An exact copy of the lines of the listing below between the "Tails Sonic Generations" line and the "18K Rose Gold" line, both included, is the whole answer; please omit the pictures.
** RECORDS SUPPLIED follows **
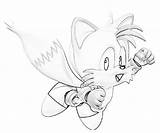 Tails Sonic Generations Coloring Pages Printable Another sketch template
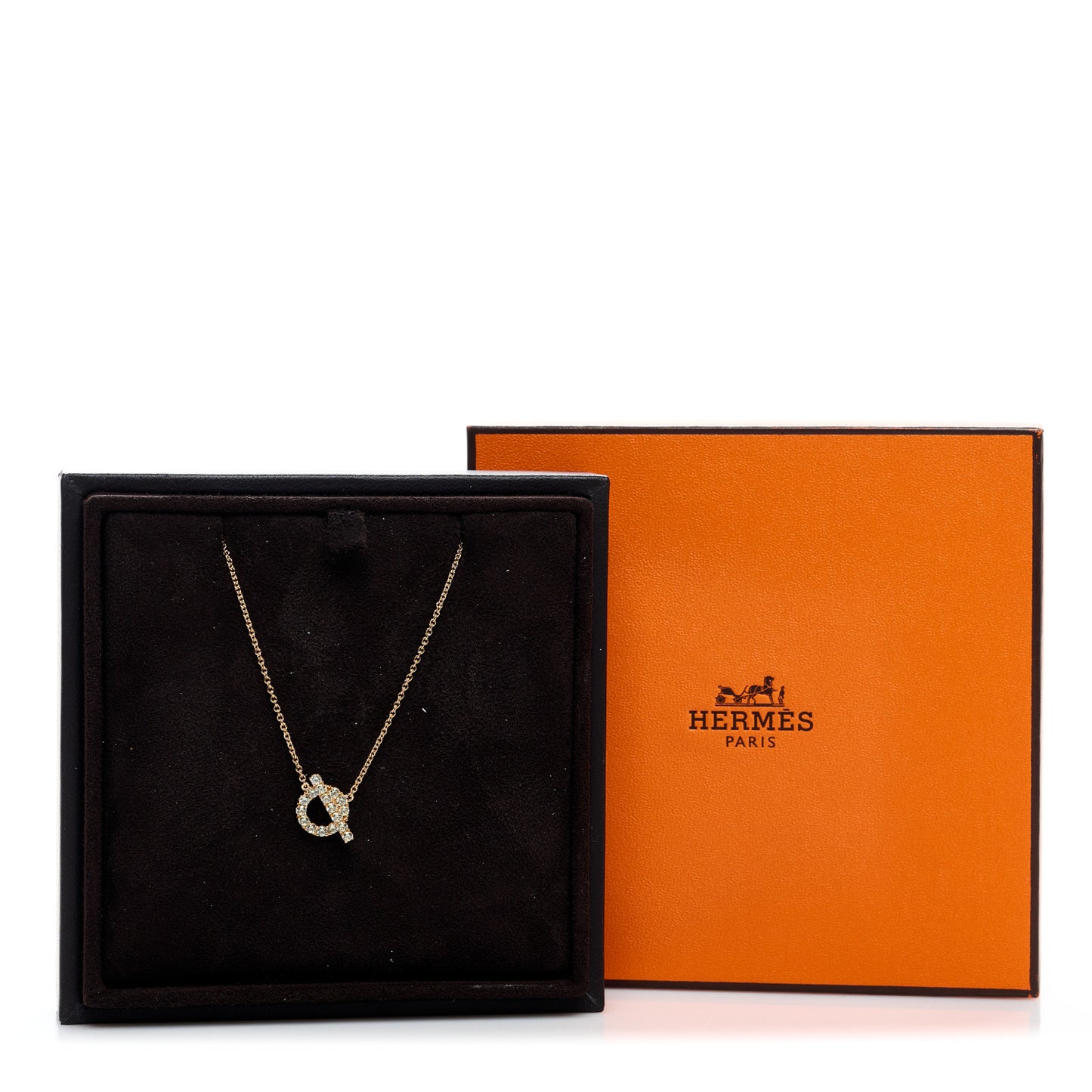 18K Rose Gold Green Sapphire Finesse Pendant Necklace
** End of RECORDS SUPPLIED **
** RECORDS SUPPLIED follows **
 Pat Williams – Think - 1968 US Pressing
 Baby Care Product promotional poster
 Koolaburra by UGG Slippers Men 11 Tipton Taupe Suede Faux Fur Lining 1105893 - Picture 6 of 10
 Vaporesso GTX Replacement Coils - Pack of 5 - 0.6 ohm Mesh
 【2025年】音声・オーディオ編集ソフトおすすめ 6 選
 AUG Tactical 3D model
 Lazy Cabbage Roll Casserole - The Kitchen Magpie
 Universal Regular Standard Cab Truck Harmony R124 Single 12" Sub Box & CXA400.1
** End of RECORDS SUPPLIED **
RESPONSE BOX –
 Tails Sonic Generations Coloring Pages Printable Another sketch template
 18K Rose Gold Green Sapphire Finesse Pendant Necklace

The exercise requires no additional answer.